ChatGPT-3.3 turbo api not working

Hi everyone! I have ChatGPT Plus, and I made a shortcut in Apple Shortcuts, which is making an API request, using my API key. The problem is that I have already set up billing details, and rate limits in my Openai account, but I can’t use the GPT-3.5-turbo modell. Everytime I use the API key, the answear is not as fast as it should be. That means my API doesn’t use the turbo model for some reason…

Are you getting an error from the API or is it just slow? The API is not instant even on good days (don’t let the turbo name fool you), and there’s been several performance issues today

Its working, but slowly. The last month I tested several times (for example “write a 200 word essey” online with the turbo model, and also with my API) and the difference was huge (I response speed) I know, sometimes there are technical issues etc. but Its looks like there is something more

Is it a real difference or merely perceived?

Are you streaming the result back from the API or waiting for the whole result?

To better quantify what you’re experiencing, you should send the same prompts to both the web interface and the API and time them and count the token usage.

Do that several times.

Then, for each method, add up all the tokens used and the times, divide the first by the second and you’ve got the tokens per second (t/s).
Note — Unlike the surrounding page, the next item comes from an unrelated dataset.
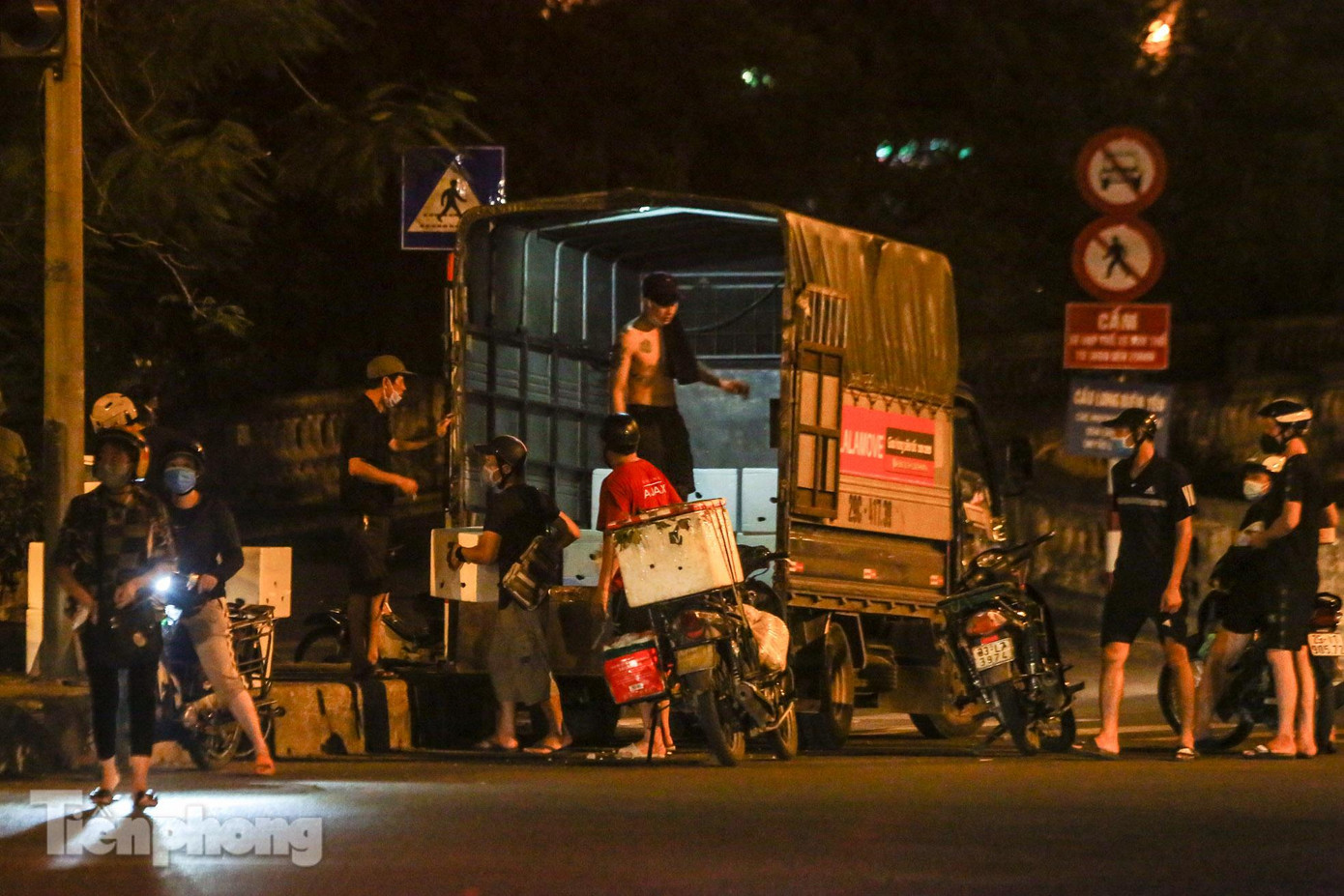 Ban Chỉ đạo phòng chống dịch COVID-19 quận Ba Đình đã giao phường Phúc Xá ban hành quyết định phong toả chợ Long Biên từ 12h ngày 3/8. Lý do phong toả chợ, theo quận Ba Đình là do có trường hợp mắc COVID-19 (N.Q.T, sinh năm 1994, tạm trú ngõ 187 Hồng Hà) đến giao hàng cho một số tiểu thương tại chợ.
You can also at that point compute the t/s for each prompt through each interface which will give you an ability to estimate the distributions of t/s rates for each interface.

Then you can do a simple difference of means test to see if there is a statistically significant difference.

At that point you’ll have something quantifiable to talk about.

Until then, it’s impossible for anyone to say anything with any authority about the problem you’re describing.

The service is also experiencing a lot of attention and growth. Some days it does certainly seem slower than others, so I’m not surprised if you thought it was faster 1 month ago. Bottom line though is nothing can really be done. Use streaming, limit your prompt size if you can, and hope that OpenAI adds more scale soon.

We’ve definitely been noticing a huge, and quantifiable, slowdown today (and over the last few days)

When making an API request (3.5 model) asking for 1 result, it takes 10 seconds.

The same prompt, when entered in ChatGPT website (Plus subscription, using 3.5 model), completes streaming in 3 seconds.

If we ask for several results (n = 3+), the whole request often times out (we wait 30s, then give up).
We’ve tried this dozens of times, and are seeing the same slowness repeatedly.

Would be helpful to get official guidance as to whether API calls have a different priority than ChatGPT Plus.

I don’t know that it’s a difference in priority as much as they’re probably on just on different server clusters and experiencing different loads.

I know there’s also been times when the web interface has been inaccessible while the API continued working.

I have done it, several times during the last month (also with long, and short messages) and the speed (tokens/sec) was much slower than the online model. I mean its looks like my API key only uses the default 3.5 model, not the faster.

1 Like

I just did some more speed comparisons with this prompt, running the prompt 5 times in each interface.

  1. API - 20-25s
  2. ChatGPT Plus - 7-15s
  3. ChatGPT (Free) - 20-30s

Definitely looks like API calls run at the same speed as the free ChatGPT web interface, and don’t get the GPT Plus speed boost :disappointed: Which is a shame, as both are paid services.

Granted, they’re getting $20 per month for GPT Plus, and the same volume of calls through the API would probably cost < $1.

I imagine this is because API calls open them up to huge volumes through automation, whereas GPT Plus web interface can only consume data input at human speeds.

I’d love to see a priority/faster API access level - it’s so cheap, we’re happy to pay double to get GPT Plus speeds.